Exercise details: The line with "Wine barrels, Southern Moravia, Czech Republic Wine" marks the first line to copy, and the line with "沭陽基地紅葉石楠的價(jià)格 沭陽基地紅葉石楠的價(jià)格" marks the last. Transcribe that stretch of the data below exactly, without pictures.

Provided records:
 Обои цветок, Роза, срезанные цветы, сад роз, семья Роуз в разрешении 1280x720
* * *
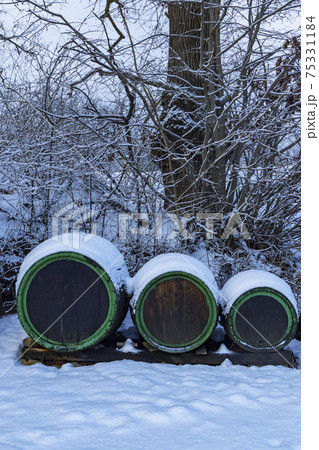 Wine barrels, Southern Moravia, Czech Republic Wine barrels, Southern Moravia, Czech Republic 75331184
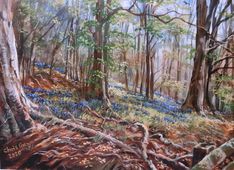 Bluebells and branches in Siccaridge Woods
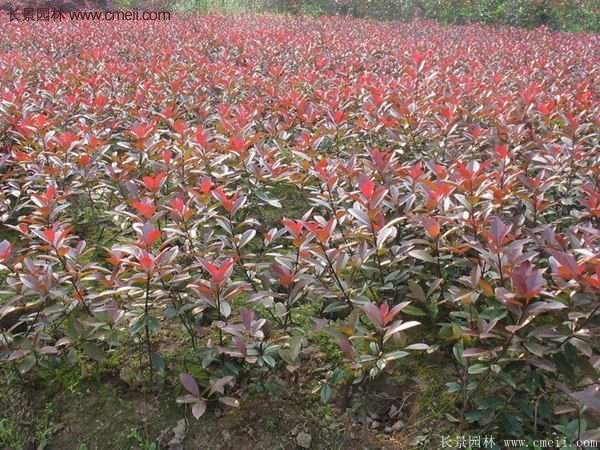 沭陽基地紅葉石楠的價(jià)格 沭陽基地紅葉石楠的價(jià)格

Answer section:
 Wine barrels, Southern Moravia, Czech Republic Wine barrels, Southern Moravia, Czech Republic 75331184
 Bluebells and branches in Siccaridge Woods
 沭陽基地紅葉石楠的價(jià)格 沭陽基地紅葉石楠的價(jià)格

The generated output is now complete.